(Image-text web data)
────────────────────────────────────────
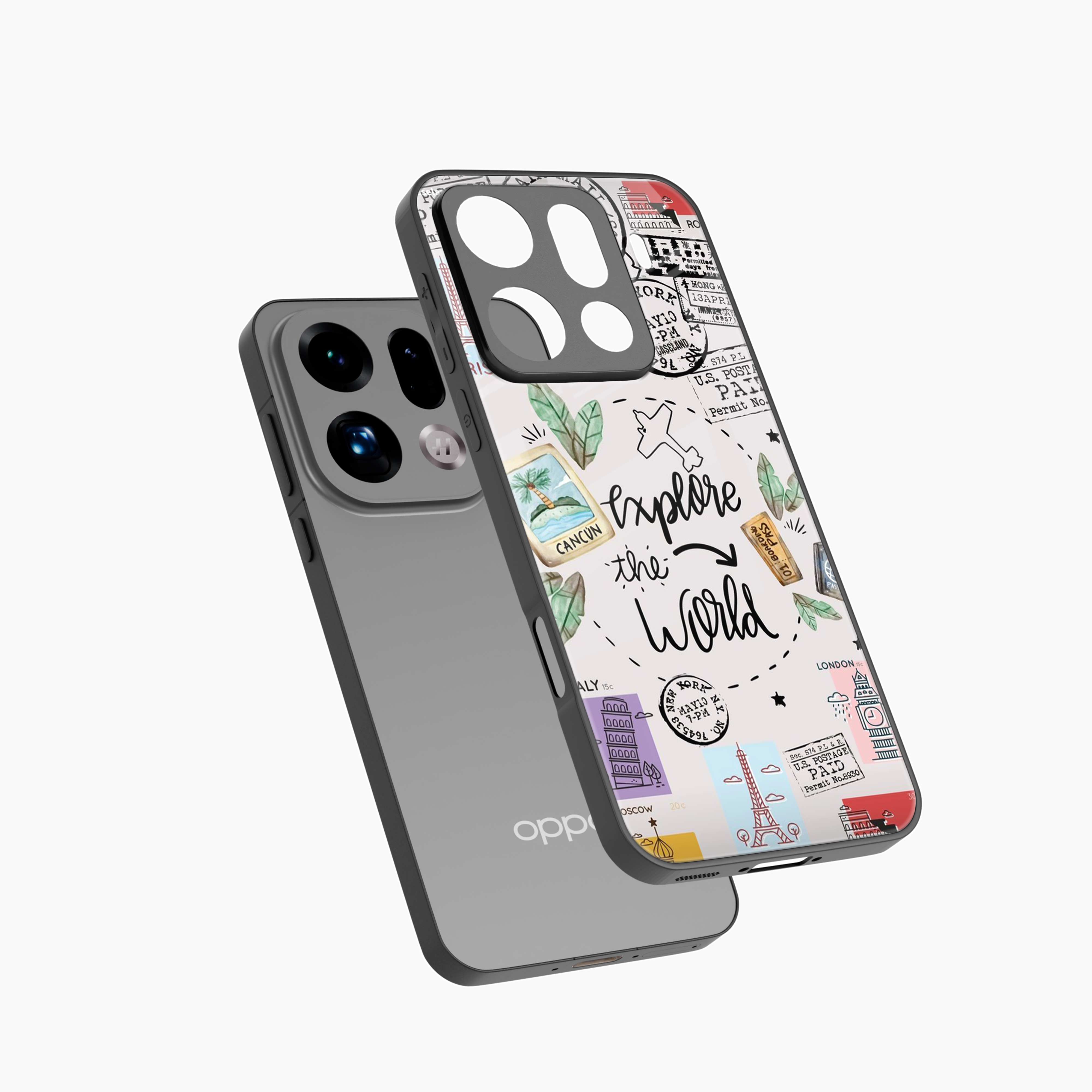 Explore The World Oppo Find X9 Pro 5G Back Cover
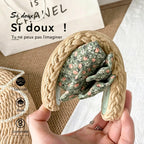 Sandales et Mules pour Femmes Bowknot Sandales Plates Femme Chaussures D'été Décontractées à Enfiler Semelle Tissée Antidérapante Pantoufles Femme Ete Confortable Mode Chaussons de Plage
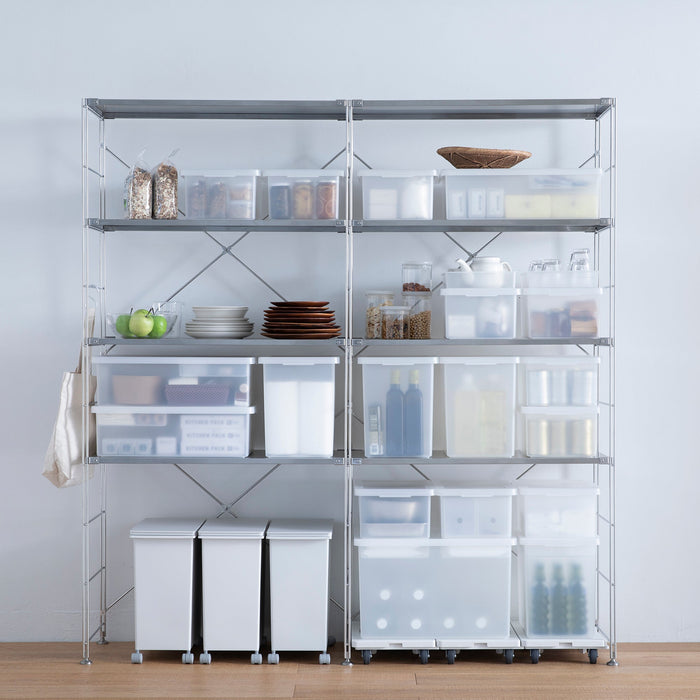 Storage Case Wide Polypropylene Storage Box Wide Deep | Storage & Organizers | MUJI USA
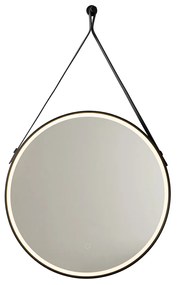 Specchio da bagno moderno nero con LED e dimmer touch - Pien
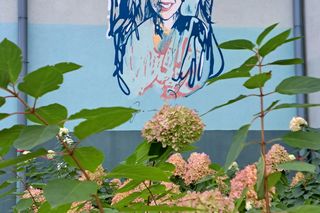 Nowy mural w Parku Sienkiewicza w Łodzi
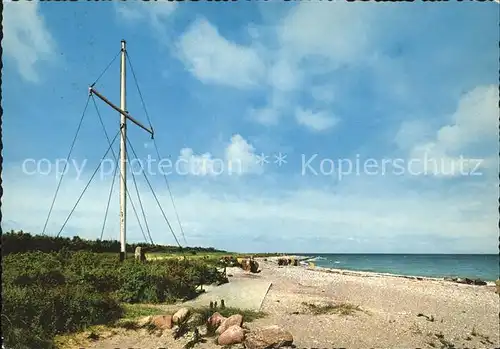 Fehmarn Niobe Denkmal Gammendorfer Strand Kat. Fehmarn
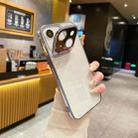 For iPhone 15 Electroplated Lens Protectoin Holder TPU Phone Case(Sierra Blue) - 1
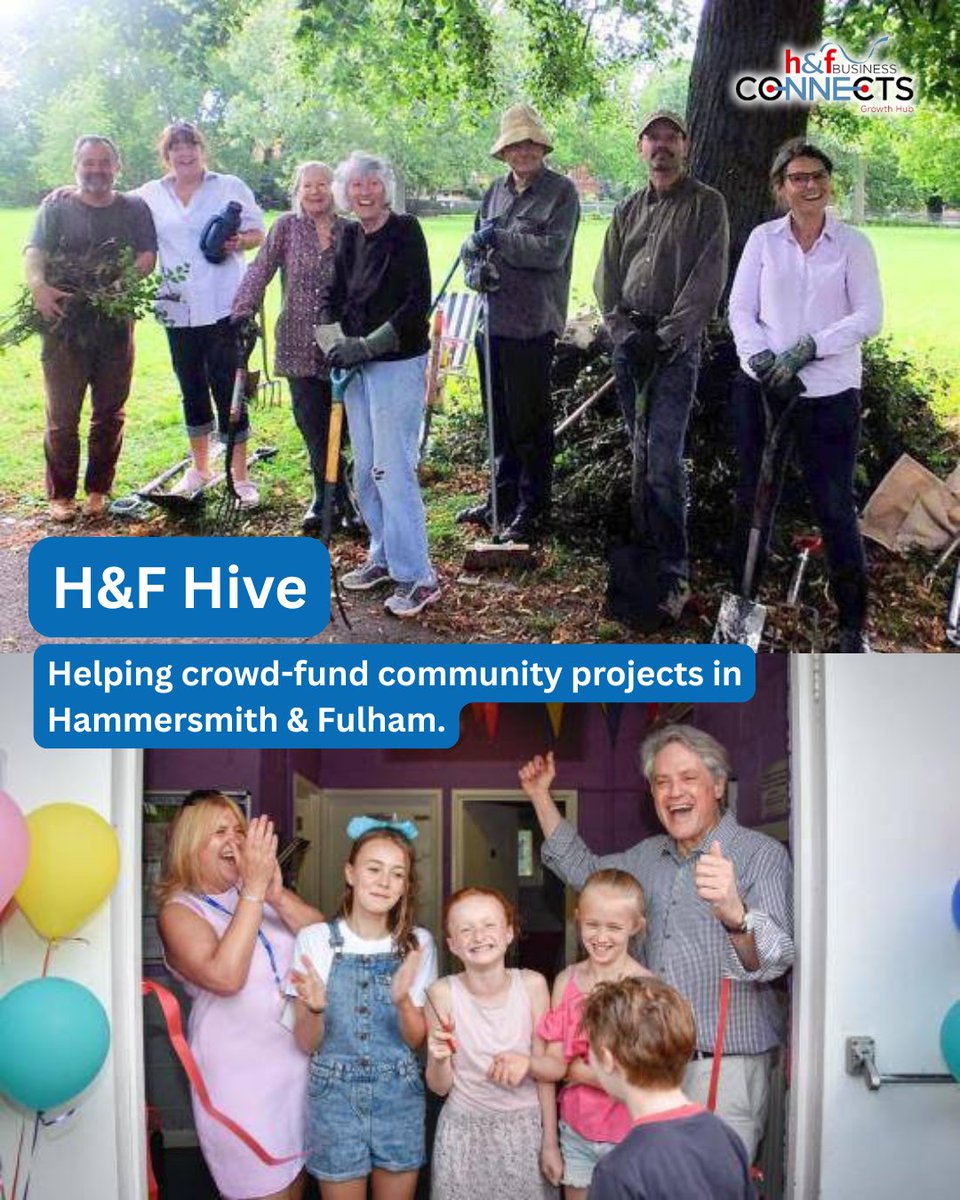 BizConnectsHF's tweet image. 🌱 In Hammersmith &amp;amp; Fulham, the H&amp;amp;F Hive helps local groups crowd-fund projects that make a difference.

📌 If you’ve a project idea now’s the moment to get started ➡️ lbhf.gov.uk/community/hf-h… 

Let’s make H&amp;amp;F stronger.

@LBHF #HammersmithAndFulham #CommunityProjects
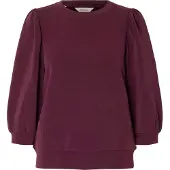 Selected Sweatshirt 'SLFTENNY' aubergine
────────────────────────────────────────
### YOUR OBJECTIVE
What's needed is an exact copy of the records above from the line containing "Sandales et Mules" down to the line containing "started ➡️ lbhf.gov.uk/community/hf-h…", both included, without any pictures.

### EXERCISE RESULT
 Sandales et Mules pour Femmes Bowknot Sandales Plates Femme Chaussures D'été Décontractées à Enfiler Semelle Tissée Antidérapante Pantoufles Femme Ete Confortable Mode Chaussons de Plage
 Storage Case Wide Polypropylene Storage Box Wide Deep | Storage & Organizers | MUJI USA
 Specchio da bagno moderno nero con LED e dimmer touch - Pien
 Nowy mural w Parku Sienkiewicza w Łodzi
 Fehmarn Niobe Denkmal Gammendorfer Strand Kat. Fehmarn
 For iPhone 15 Electroplated Lens Protectoin Holder TPU Phone Case(Sierra Blue) - 1
 BizConnectsHF's tweet image. 🌱 In Hammersmith &amp;amp; Fulham, the H&amp;amp;F Hive helps local groups crowd-fund projects that make a difference.

📌 If you’ve a project idea now’s the moment to get started ➡️ lbhf.gov.uk/community/hf-h… 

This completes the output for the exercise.